WASHINGTON — Homeland Security Secretary Michael Chertoff announced yesterday that the nation’s 35 highest-risk cities must have systems enabling first responders to communicate in a disaster by the end of next year. Every state must have such a system by the end of 2008, he said.
New York City has already achieved that goal, officials said, but will be expected to continue to improve communications with first responders in Nassau, Suffolk and Westchester.
“The bottom line is we have to be able to communicate during a disaster,” Chertoff told more than 1,000 state and local homeland security officials assembled at the Washington Hilton yesterday. “We’re going to get it done.”
The lack of interoperable communications among first responders, and the poor functioning of fire radios in the World Trade Towers, were contributing causes in the scores of firefighters’ deaths in the Sept. 11 attacks. Hampered communication also slowed rescue and recovery after Hurricane Katrina.
Chertoff announced those deadlines five weeks before the start of a new Congress controlled by Democrats, many of whom have expressed frustration about the slow pace of progress on first-responder communications and pledged tougher oversight of his department.
The secretary said public scorecards would be issued in the next few weeks to the highest-risk cities - including Boston, Houston and Chicago - to help them prioritize needed improvements. The focus, he said, would be regional because “threats are region-based.”
So the scorecard for New York City would assess communication not just among the city’s first responders, but also among police, fire and emergency management groups in Nassau, Suffolk and Westchester.
The baseline goal is for incident command managers to be able to communicate with one another within one hour.
Local officials said they expect to do well in the ratings.
“Communications are vastly improved from what they were on Sept. 11,” said New York Deputy Fire Commissioner Frank Gribbon. “We have radios where we share frequencies. We have an NYPD videofeed to our operations center.”
Beyond hardware, Gribbon said the city has revamped protocols that set out who is in charge under what circumstances.
Chertoff also pledged yesterday that next year’s allocation of anti-terror grants would be more transparent. While continuing to allocate the lion’s share of money to high-risk areas, he said, decisions would be based more on “common sense” than on “bean counting.” This year’s grants, which included 40-percent funding cuts to New York City and Washington, D.C., were widely criticized.
Changes to the program, he said, would include an extended timeline that will enable municipalities to fine-tune their proposals after getting feedback.

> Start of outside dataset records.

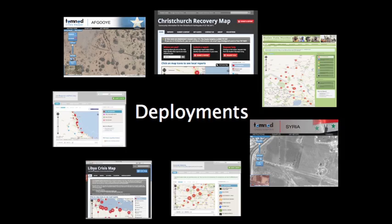SBTF volunteers have contributed to many crisis mapping projects. The SBTF can also deploy in support of a response organization that needs a crisis map. In an SBTF deployment, it's the team coordinators from within the SBTF that organize workflows and teams, instead of the volunteers joining an exercise that already exists. We've had seven deployments to date, and I want to tell you a little bit more about one of them.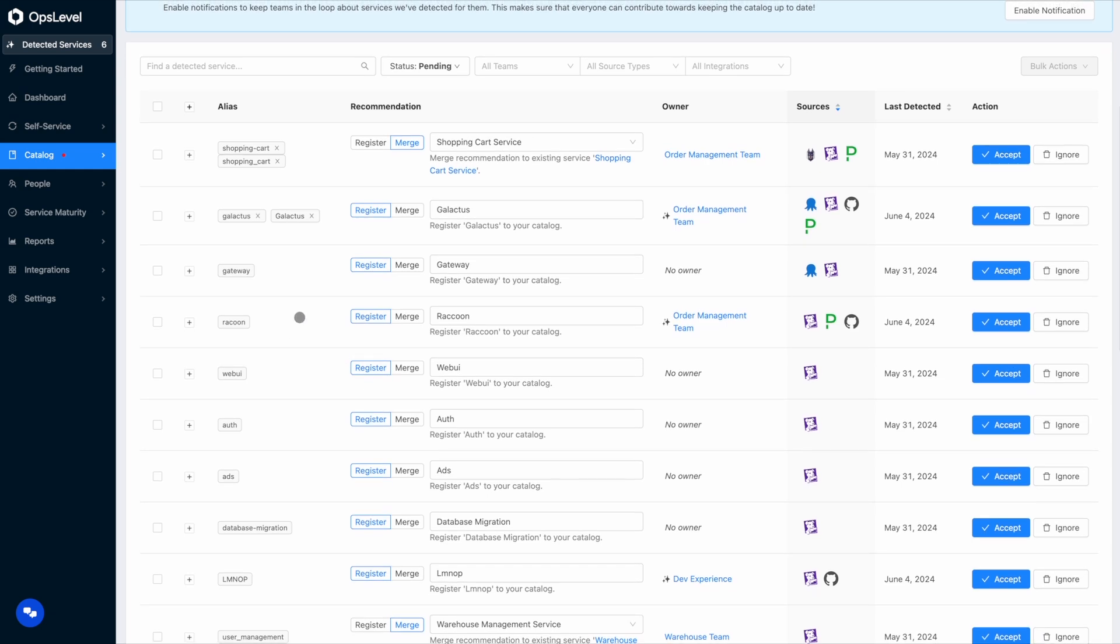So as you can see on this page, I already have a bunch of recommendations for me to action on. Some are to create new services like this one here and some are to merge more data into existing services because we were able to match some of the metadata we received from integrations to a service that already exists in OpsLevel.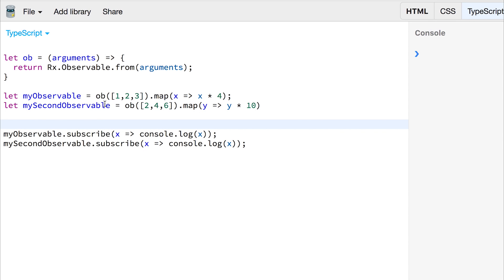Hey, it's Paul. Let's look at the observable concat method. This allows us to concatenate two observables into a third observable.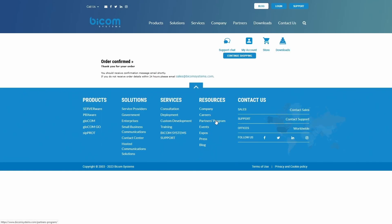Once you have placed your order, you will receive a confirmation email shortly. If you do not receive order details within 24 hours, please contact the Bicom Systems sales team.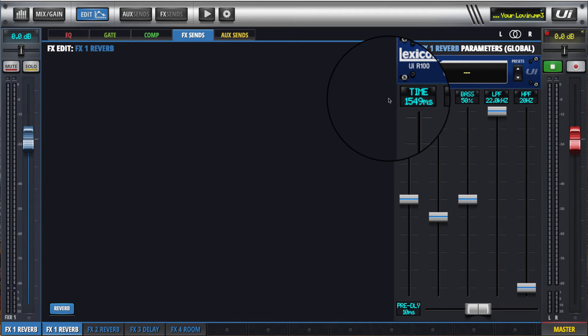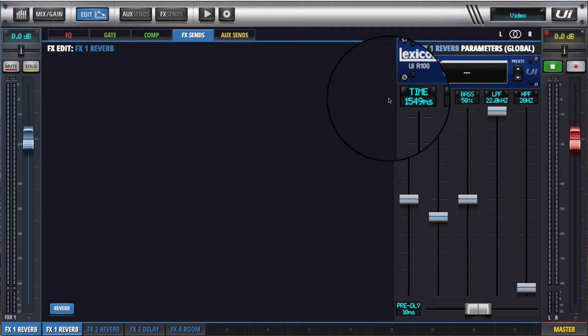Hi there and welcome to my fourth video tutorial on the Soundcraft UI 24R. This is just another short video about effects and how you can assign different effect types to the various effects engines.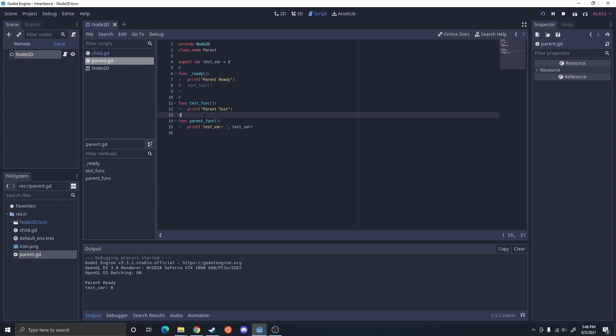This was a short video just covering inheritance and class names in Godot. I hope it was able to teach you something, and I'll see you in the next one.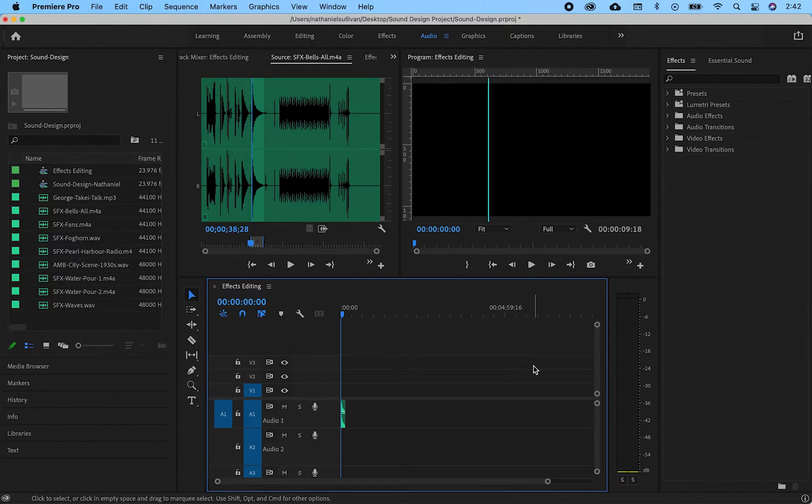In this demo, I will put what we have learned to use by transforming a sound from literal to abstract.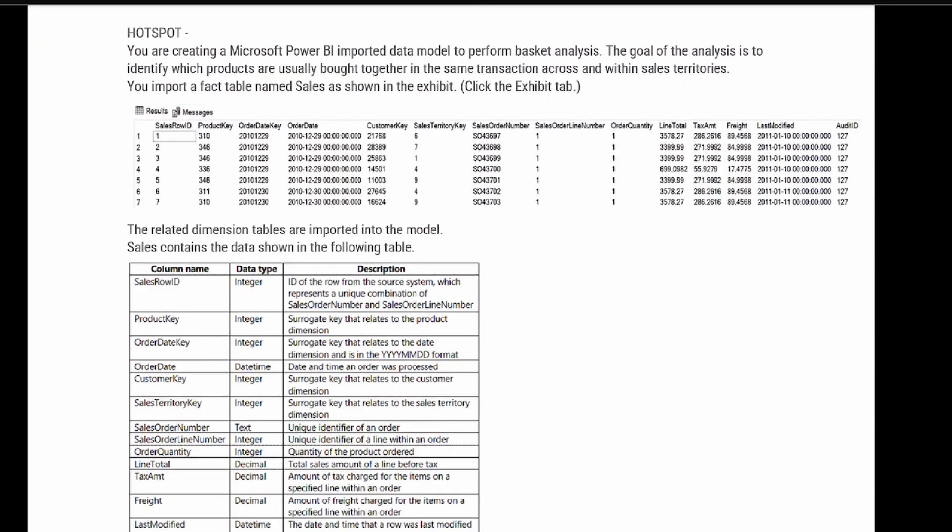Hey, what's up YouTube, Jeremiah Hersey here. Welcome back to the next PL-300 test prep question. Today we're going to be looking at a question related to basket analysis and how to optimize the model for that. Basket analysis is a way to look at how products are linked together through purchases, and in today's question we're going to be seeing how they relate to the sales territory.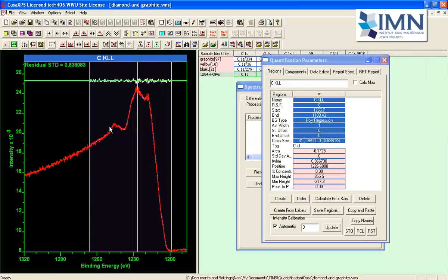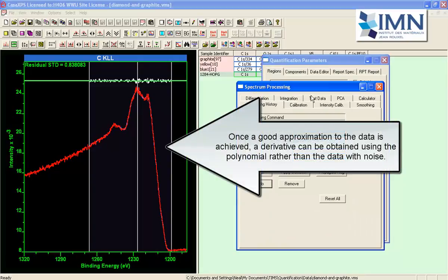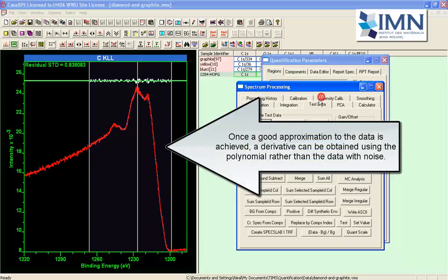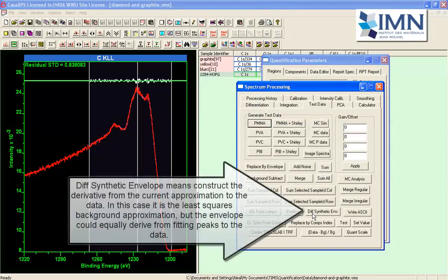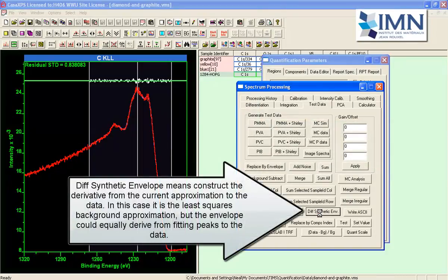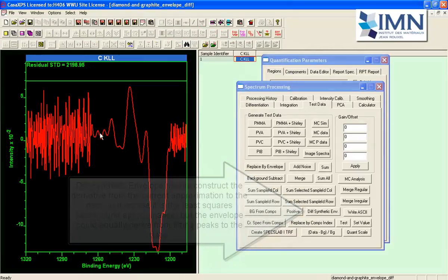So this is now a reasonable approximation to the data and having done so I can use an option on the test data tab which says differentiate synthetic envelope and when I press that button I end up with a derivative.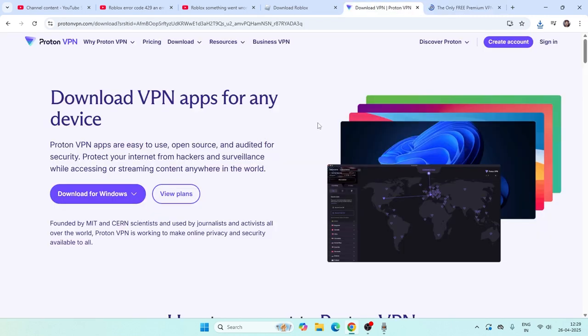If you're on mobile, turn off Wi-Fi and use cellular data while joining the server. Once you're in the game, you can connect back to Wi-Fi. That's all you have to try. I hope this video is helpful. That's it, bye bye.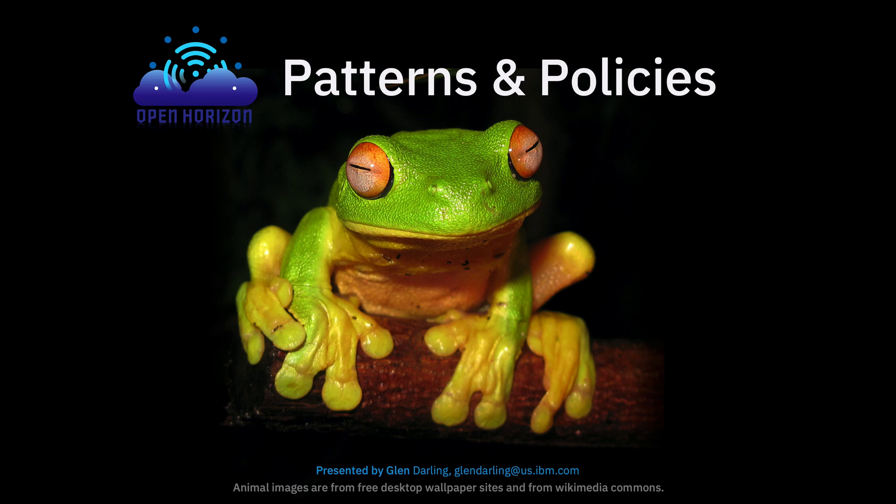Hello, I'm Glenn Darling from the Open Horizon team and I'd like to talk to you about how patterns and policies are used in Open Horizon.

Chertoff also said that a comprehensive alert system is being developed with the goal of reaching 85 percent of Americans within 10 minutes.
“Those of you who grew up in the ‘50s remember that they used to break into television programing ...,” he said. “But we’re in the 21st century. We have text messaging. We have the Internet. We have digital cable. We have satellite television. We have to upgrade the current patchwork system and build one that is national in scope for the 21st century.